◆ Aim of the exercise ◆
Could you repeat the entries below exactly, but only from the line with "A mechanic is" through the line with "coffee mug with", and without any picture?

Dataset Block Start

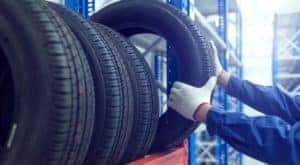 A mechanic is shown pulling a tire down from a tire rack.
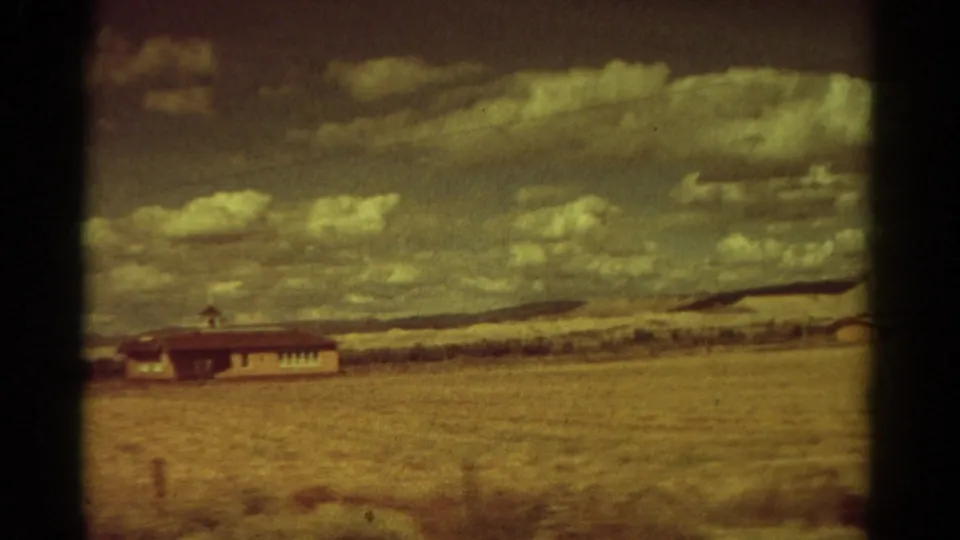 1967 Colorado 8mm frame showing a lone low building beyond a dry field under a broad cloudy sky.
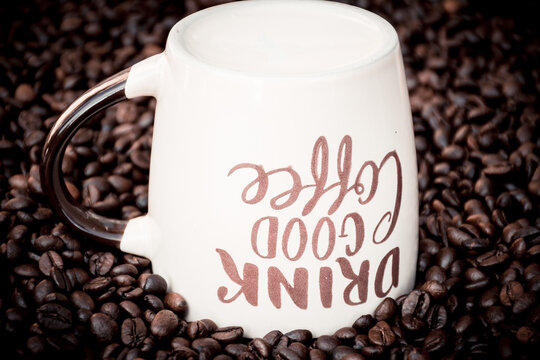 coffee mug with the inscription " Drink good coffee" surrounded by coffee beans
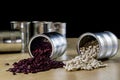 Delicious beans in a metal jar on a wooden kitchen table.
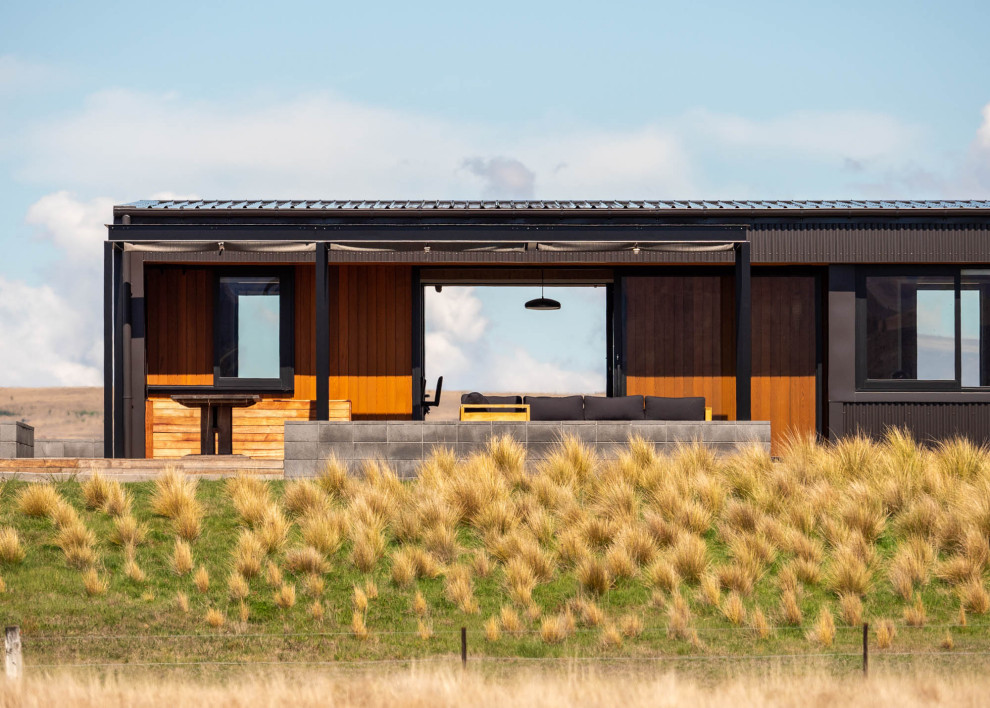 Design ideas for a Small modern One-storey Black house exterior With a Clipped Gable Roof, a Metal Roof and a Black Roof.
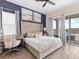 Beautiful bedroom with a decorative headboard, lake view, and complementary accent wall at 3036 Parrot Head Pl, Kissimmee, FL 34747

Dataset Block End
Dataset Block Start

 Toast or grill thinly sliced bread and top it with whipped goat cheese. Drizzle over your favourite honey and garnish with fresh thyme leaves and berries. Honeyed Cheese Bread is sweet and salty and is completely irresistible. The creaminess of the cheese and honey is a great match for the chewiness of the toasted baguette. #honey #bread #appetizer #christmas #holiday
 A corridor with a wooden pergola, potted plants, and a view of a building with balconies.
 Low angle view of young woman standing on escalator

Dataset Block End
Dataset Block Start

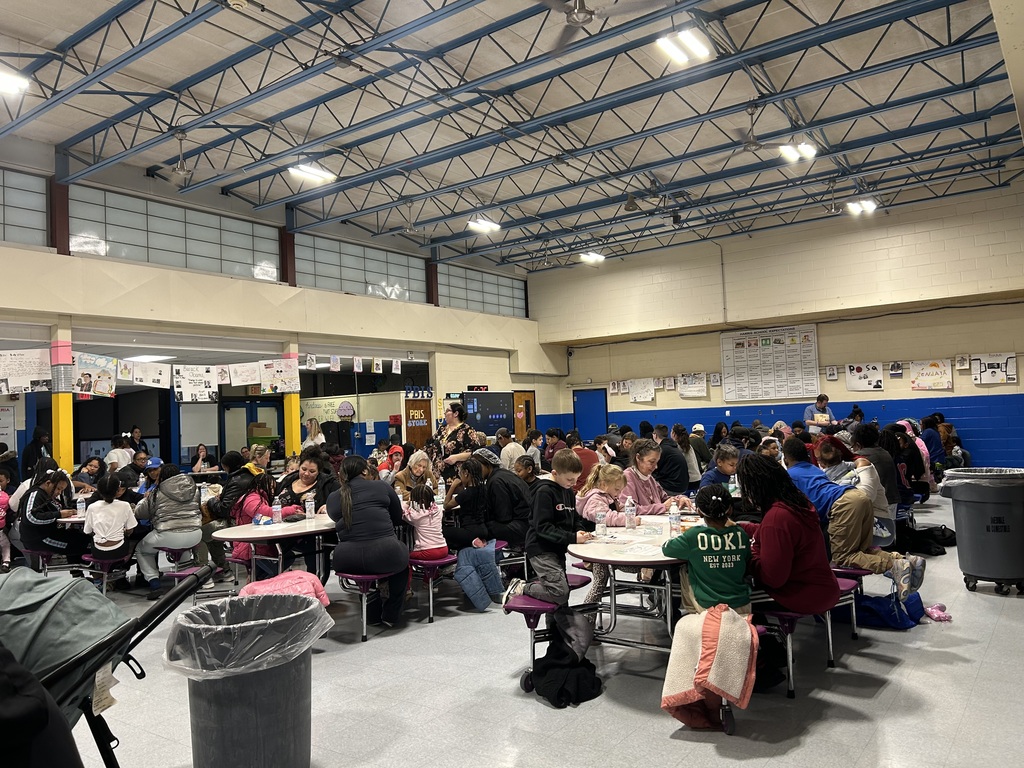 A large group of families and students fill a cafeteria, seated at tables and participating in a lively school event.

Dataset Block End

◆ Written answer ◆
 A mechanic is shown pulling a tire down from a tire rack.
 1967 Colorado 8mm frame showing a lone low building beyond a dry field under a broad cloudy sky.
 coffee mug with the inscription " Drink good coffee" surrounded by coffee beans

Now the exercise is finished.